In fact one of the remaining measures of distance between our relentlessly over-exposed elite footballers and those who pay to watch them is the enduring and unbridgeable gulf in basic physicality. This is particularly the case with footballers of the last 10 years, who have generally coalesced into a single highly specialised ideal of unattainable athleticism.
Obvious exceptions aside, footballers are no longer lanky, gangly, beefy, spidery and so on. They are instead almost uniformly lithe and Olympian, their bodies remorselessly optimum-scaled, narrower, stringier, more compact. I recently interviewed a Premier League defender and was struck by his basic absence of anticipated human bulk, his otherworldly dinkiness, a frame that looked so hulking and brutish on television but which in the flesh had me worrying that if I turned around too quickly I might accidentally squash him.
It hasn't always been this way. Years ago I used to see legendary Millwall midfield bouncer Terry Hurlock jogging around the streets of south london, and in a normal human setting even his head seemed frighteningly vast, stretched across between his tumbling curls like three heads jammed into one, hands like dustbin lids, arms as thick as legs, feet like breezeblocks.
In pre-modern times there might have been some physical common ground, a meeting point where I-could-do-better-than-that might have been briefly tested. Not now. No way. Trying to play football against a proper modern footballer is instead a really good way of discovering that some human beings really can do very difficult things much better than you. Some people get to be Bowie. While you, you're the bloke who stands at the back in Boyzone dancing and looking upset.
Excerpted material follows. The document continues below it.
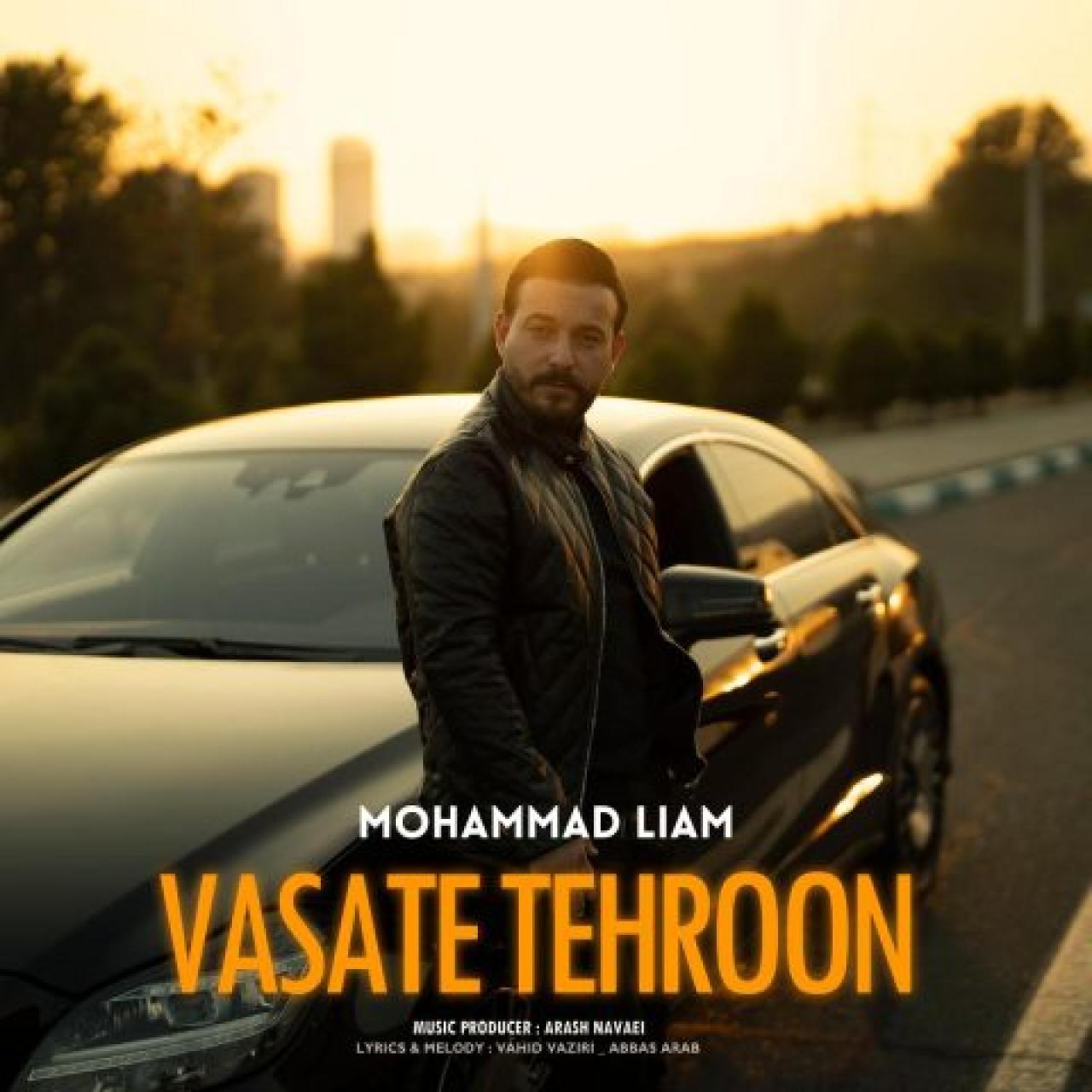 محمد لیام - وسط طهرون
Last year I made the mistake of playing 11-a-side football against a team that had Robert Pires in it, Pires who had only recently been jeered away from a short spell at Aston Villa, unfit, slow, old and generally I-could-do-better-than-that. And still trying to play against him was like pitting yourself against a Victorian ghost, the kind of eyeless spectre that comes veering past oblivious to your material existence, moving not just faster, but as though he has a Matrix-like vision of the space behind the space, angles and gaps and possibilities invisible to the human eye, already out of reach even as you start to flail and yank and hack at this neat little goatee-bearded silhouette.
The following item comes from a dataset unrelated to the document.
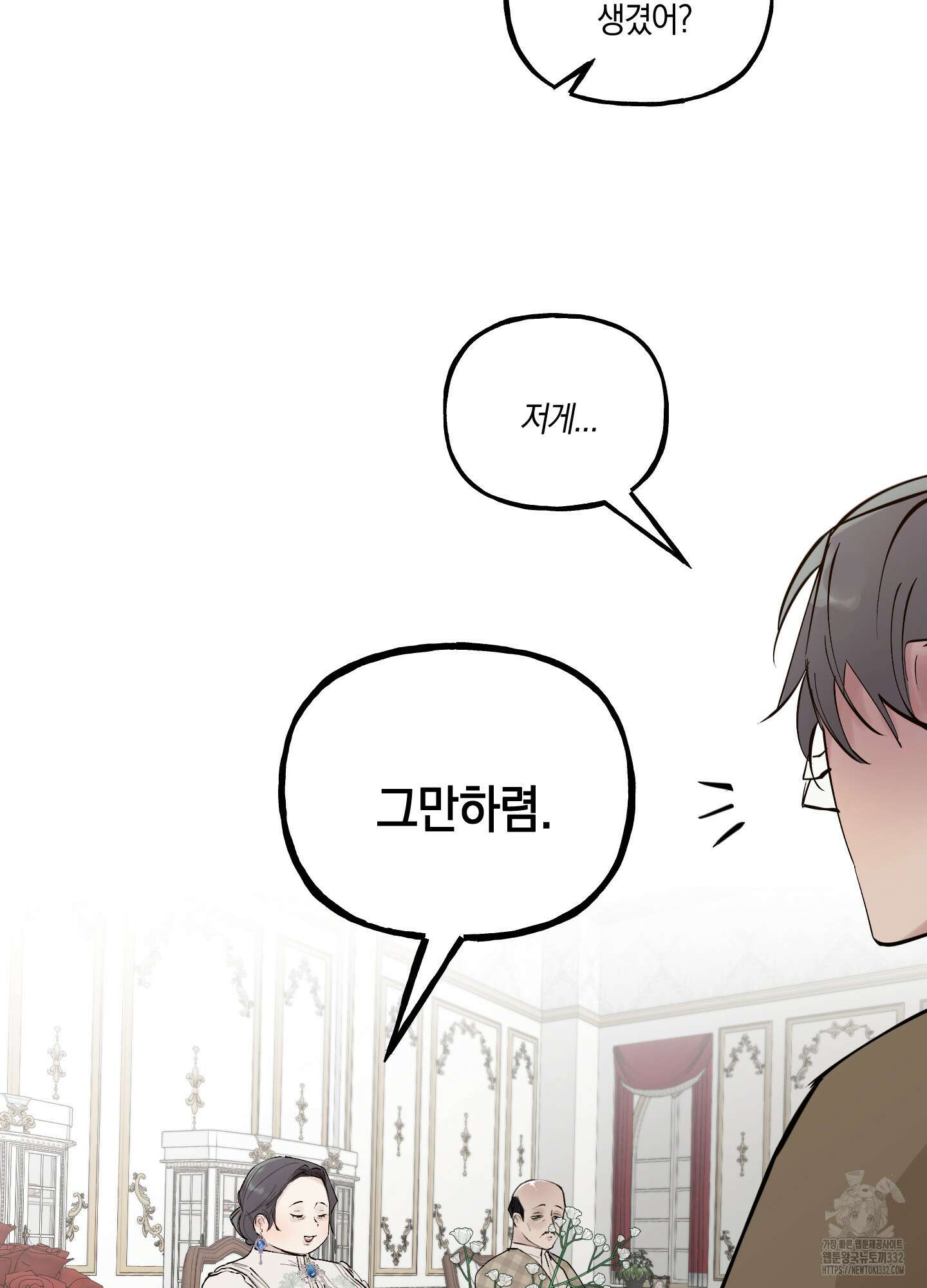 황궁의 정원에는 개가 산다 10화 96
For all the tears it was still a salutary experience, and one that suggested perhaps footballers deserve a little more species-respect than they are currently allowed. Fantastically well paid as they are, there is a basic absence of any finer consideration for these expertly-poised human beings, floating in their tin can high above the world, rarefied performers who basically enter the stocks twice a week in order to be jeered and howled at by normal people in exchange for money. They are, despite a consensus of near-inconsolable revulsion, engaged in a form of high-stakes physical ballet so well calibrated that even a moment's slackness can look like evidence of irrecoverable decline. And as a kind of apology for the ongoing obsession with Torres it is worth pointing out there is legitimate human interest here, not least as an indication of the fine margins at which these jeered and goaded and roughhoused specimens of species-level athletic intelligence operate.
There is a tendency to promote the idea of an egalitarianism of universal mediocrity, to deny that things like talent or expertise actual exist, and that the ability to take part is the same as actually being good at taking part. It is nice sometimes to celebrate a little what the evidence suggests, that not everyone gets to be Bowie. Just as not everyone including – fascinatingly, and apparently for years at a time, Fernando Torres – gets to be Fernando Torres.